>>

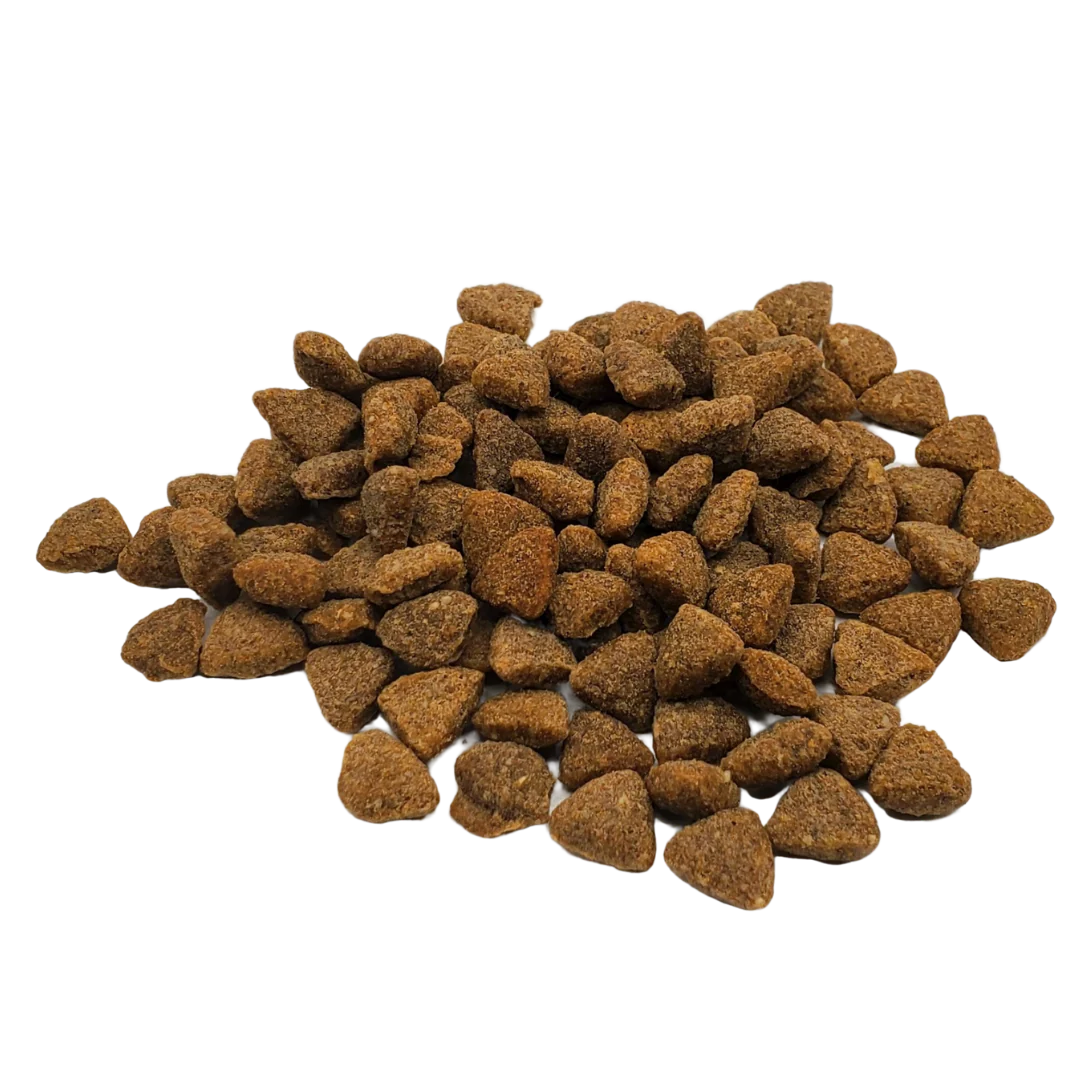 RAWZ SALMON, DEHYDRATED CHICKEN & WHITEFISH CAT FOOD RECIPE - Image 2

<<
>>

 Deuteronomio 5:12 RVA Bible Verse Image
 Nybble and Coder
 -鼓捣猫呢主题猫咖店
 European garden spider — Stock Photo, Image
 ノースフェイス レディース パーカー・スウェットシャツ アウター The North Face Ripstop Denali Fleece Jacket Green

<<
>>

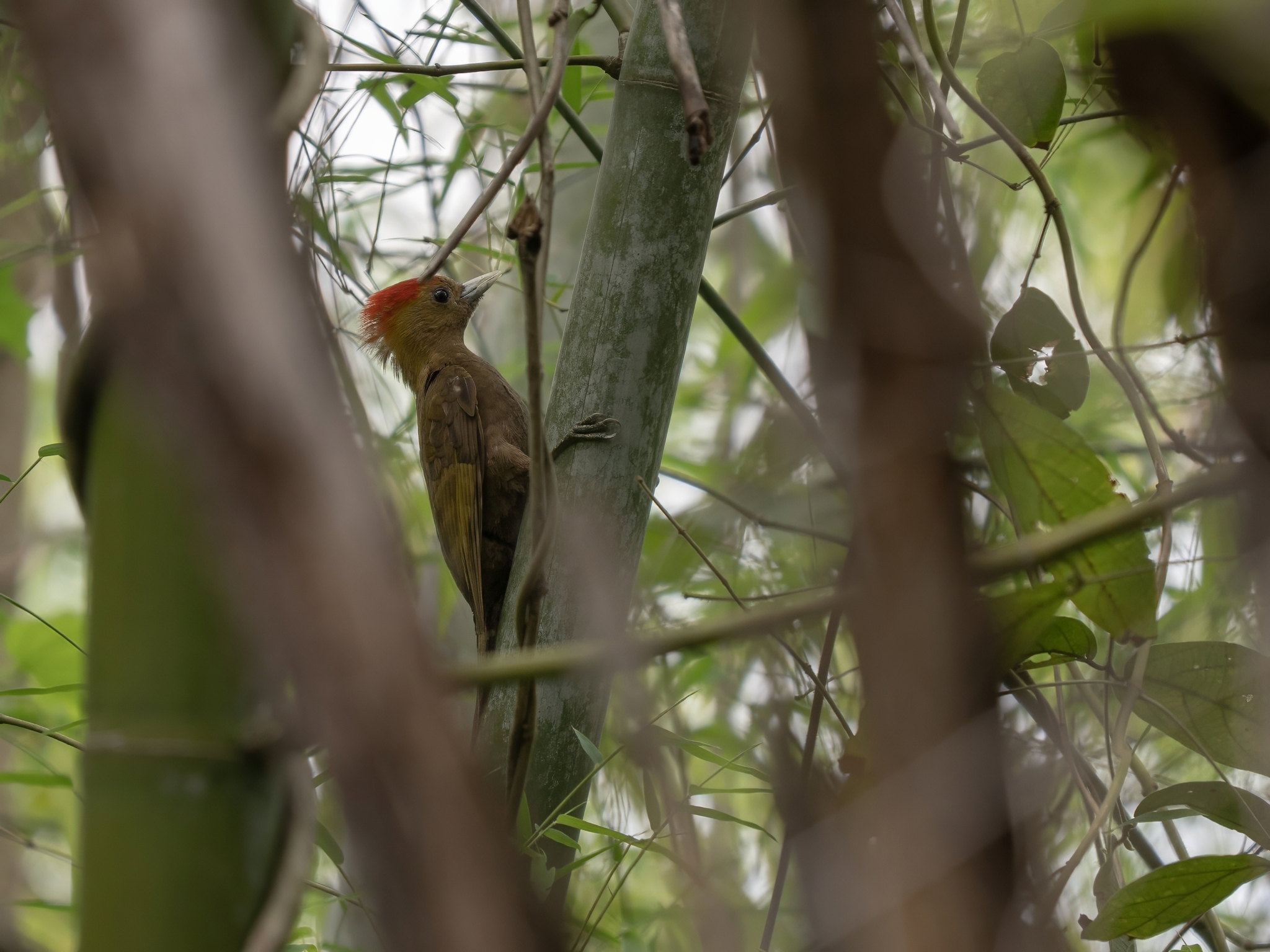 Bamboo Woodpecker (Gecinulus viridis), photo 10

<<

> Exercise
From the records above, retype only the lines starting at the line that contains "Nybble and Coder" and ending at the line that contains "ノースフェイス レディース パーカー・スウェットシャツ", both included.

> Answer to this task
 Nybble and Coder
 -鼓捣猫呢主题猫咖店
 European garden spider — Stock Photo, Image
 ノースフェイス レディース パーカー・スウェットシャツ アウター The North Face Ripstop Denali Fleece Jacket Green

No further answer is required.